Activity: The answer should hold only the lines from the one containing "Racingscheibe Z passend" through the one containing "Lesmart Unisex Baby" in the entries below, copied exactly, without pictures.
*** Records for this task ***
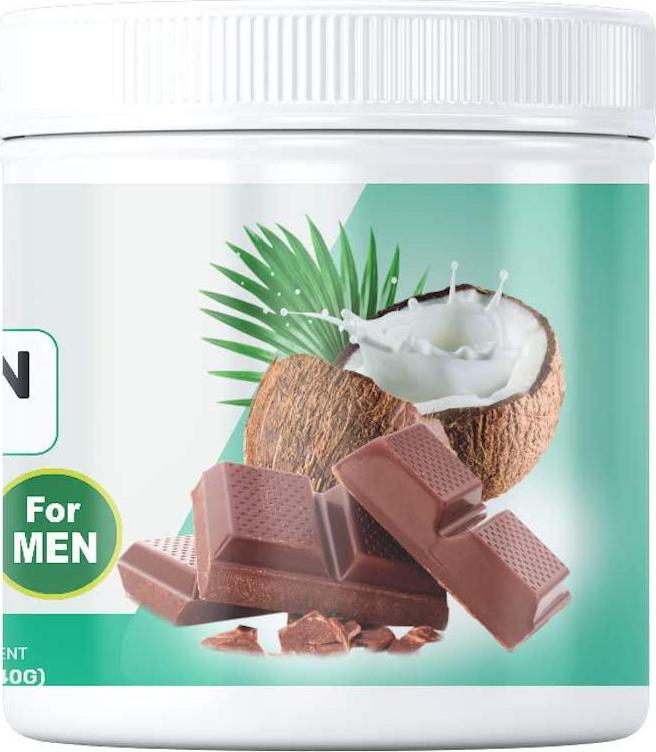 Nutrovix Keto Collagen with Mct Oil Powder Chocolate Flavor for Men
*** End of Records for this task ***
*** Records for this task ***
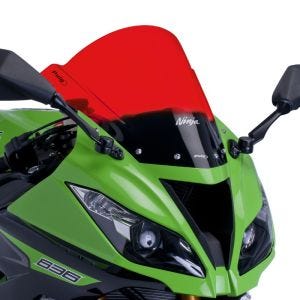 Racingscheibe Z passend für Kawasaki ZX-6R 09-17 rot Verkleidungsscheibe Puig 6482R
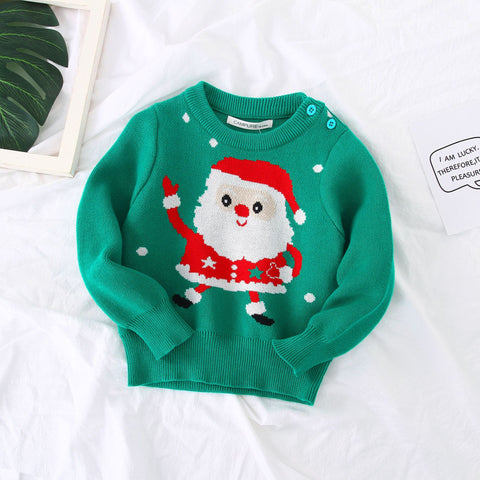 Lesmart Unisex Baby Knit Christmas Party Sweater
*** End of Records for this task ***
Answer area:
 Racingscheibe Z passend für Kawasaki ZX-6R 09-17 rot Verkleidungsscheibe Puig 6482R
 Lesmart Unisex Baby Knit Christmas Party Sweater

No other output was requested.